• [Dataset records]
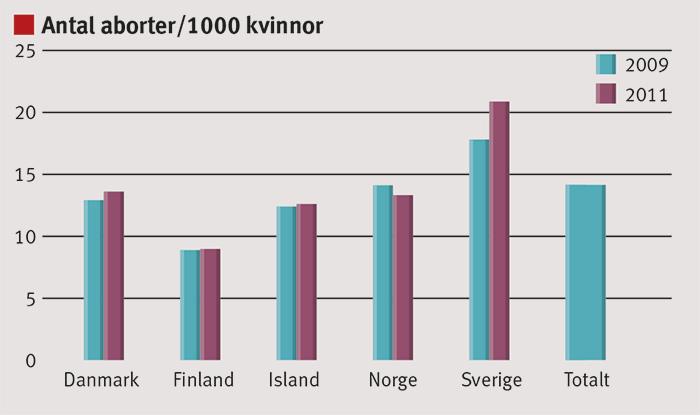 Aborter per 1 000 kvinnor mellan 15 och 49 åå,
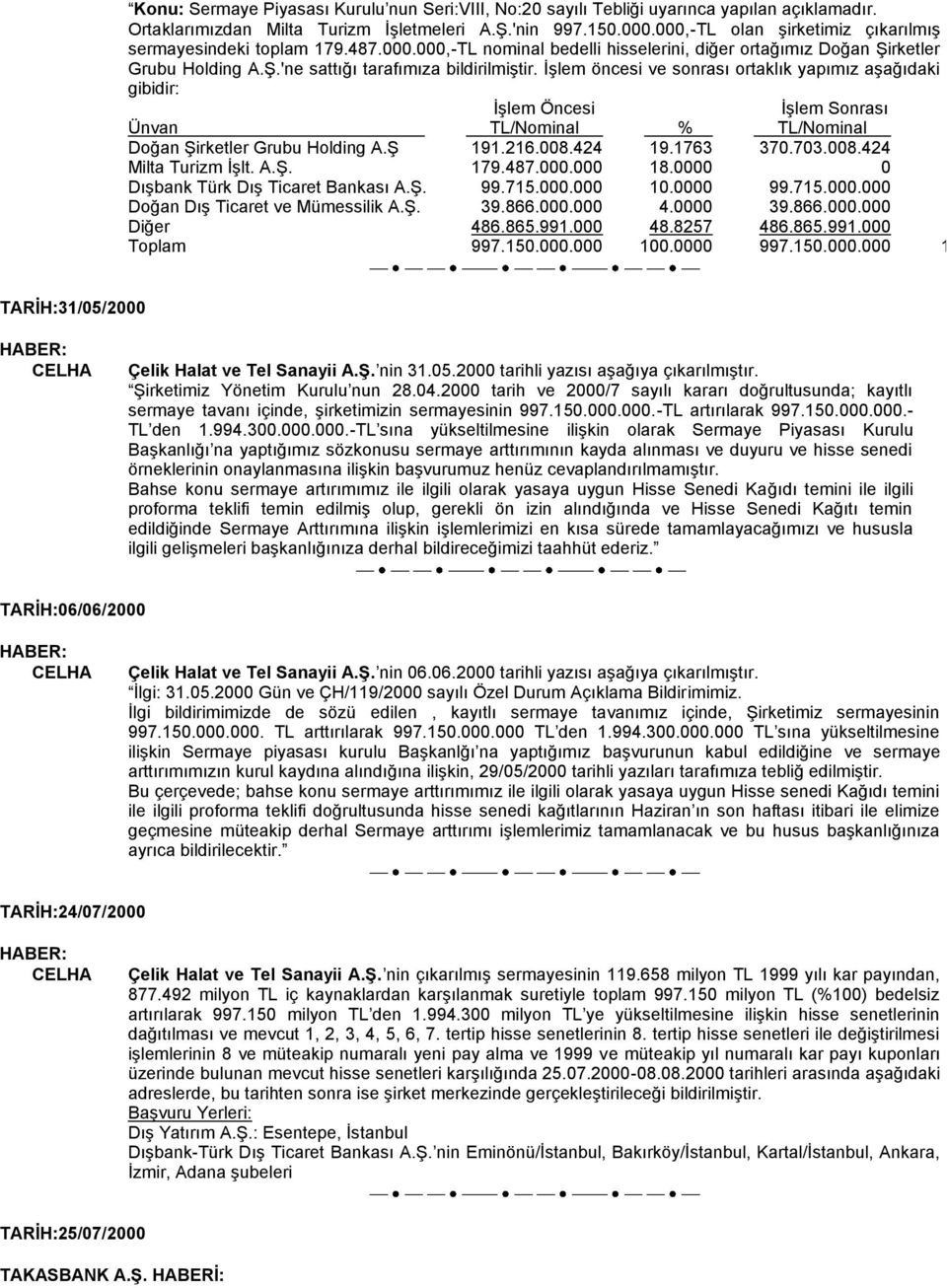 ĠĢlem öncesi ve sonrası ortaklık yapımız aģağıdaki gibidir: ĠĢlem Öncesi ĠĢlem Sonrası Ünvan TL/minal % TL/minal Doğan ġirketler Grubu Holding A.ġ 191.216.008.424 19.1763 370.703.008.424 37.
...
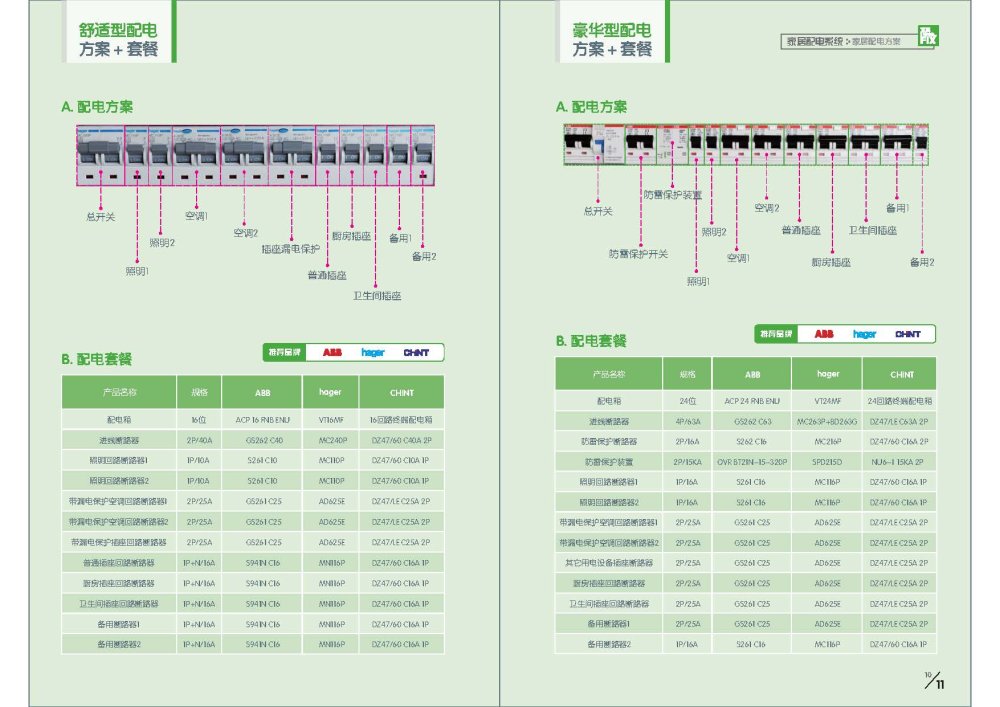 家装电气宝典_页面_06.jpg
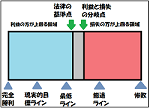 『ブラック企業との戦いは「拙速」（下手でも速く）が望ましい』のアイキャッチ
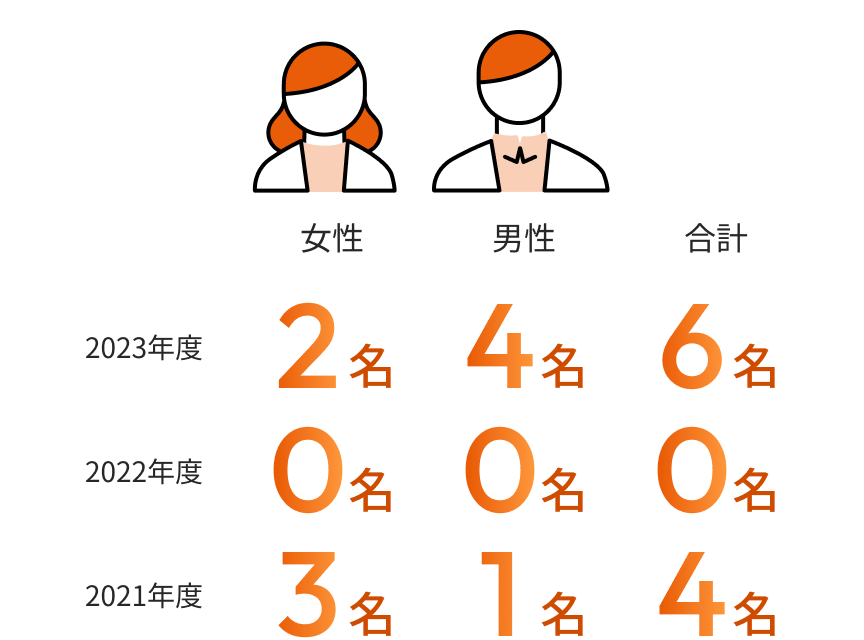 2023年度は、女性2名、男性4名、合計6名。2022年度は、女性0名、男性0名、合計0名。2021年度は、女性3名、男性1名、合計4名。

• [Problem]
Above are the records; please give again, exactly and in full, only the lines that run from the line with "Aborter per 1" through the line with "ĠĢlem öncesi ve", with no pictures.

• [Written response]
 Aborter per 1 000 kvinnor mellan 15 och 49 åå,
 ĠĢlem öncesi ve sonrası ortaklık yapımız aģağıdaki gibidir: ĠĢlem Öncesi ĠĢlem Sonrası Ünvan TL/minal % TL/minal Doğan ġirketler Grubu Holding A.ġ 191.216.008.424 19.1763 370.703.008.424 37.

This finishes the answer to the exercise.